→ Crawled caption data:

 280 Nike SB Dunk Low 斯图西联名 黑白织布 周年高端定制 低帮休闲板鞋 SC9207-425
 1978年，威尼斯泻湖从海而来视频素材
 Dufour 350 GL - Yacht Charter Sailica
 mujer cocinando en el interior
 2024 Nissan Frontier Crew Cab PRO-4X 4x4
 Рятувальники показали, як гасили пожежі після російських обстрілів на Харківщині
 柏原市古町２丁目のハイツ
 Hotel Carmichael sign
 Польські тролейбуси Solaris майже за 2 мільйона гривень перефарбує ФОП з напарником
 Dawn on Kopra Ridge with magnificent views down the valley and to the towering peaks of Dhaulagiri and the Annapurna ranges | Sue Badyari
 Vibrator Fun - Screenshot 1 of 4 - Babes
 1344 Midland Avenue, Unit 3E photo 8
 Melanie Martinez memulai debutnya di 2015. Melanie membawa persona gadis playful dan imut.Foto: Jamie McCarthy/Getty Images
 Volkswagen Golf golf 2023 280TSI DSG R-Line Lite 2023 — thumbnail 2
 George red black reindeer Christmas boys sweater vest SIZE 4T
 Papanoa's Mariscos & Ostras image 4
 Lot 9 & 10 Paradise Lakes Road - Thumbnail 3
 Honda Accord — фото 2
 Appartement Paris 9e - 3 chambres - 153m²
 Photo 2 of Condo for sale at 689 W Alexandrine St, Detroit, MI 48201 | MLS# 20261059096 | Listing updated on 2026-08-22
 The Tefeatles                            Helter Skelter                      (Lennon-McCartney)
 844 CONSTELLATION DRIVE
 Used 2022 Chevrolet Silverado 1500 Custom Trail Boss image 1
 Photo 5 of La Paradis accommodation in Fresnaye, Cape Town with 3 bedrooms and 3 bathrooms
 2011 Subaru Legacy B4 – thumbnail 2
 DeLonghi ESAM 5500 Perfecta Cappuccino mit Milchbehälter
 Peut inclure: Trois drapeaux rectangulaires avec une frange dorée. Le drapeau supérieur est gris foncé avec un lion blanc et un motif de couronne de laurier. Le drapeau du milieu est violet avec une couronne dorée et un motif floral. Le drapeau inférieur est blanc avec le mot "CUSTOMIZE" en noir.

→ WHAT IS REQUIRED: Considering the records line by line, how many lines hold the string "with"? Say only the number.

→ EXERCISE RESULT: 2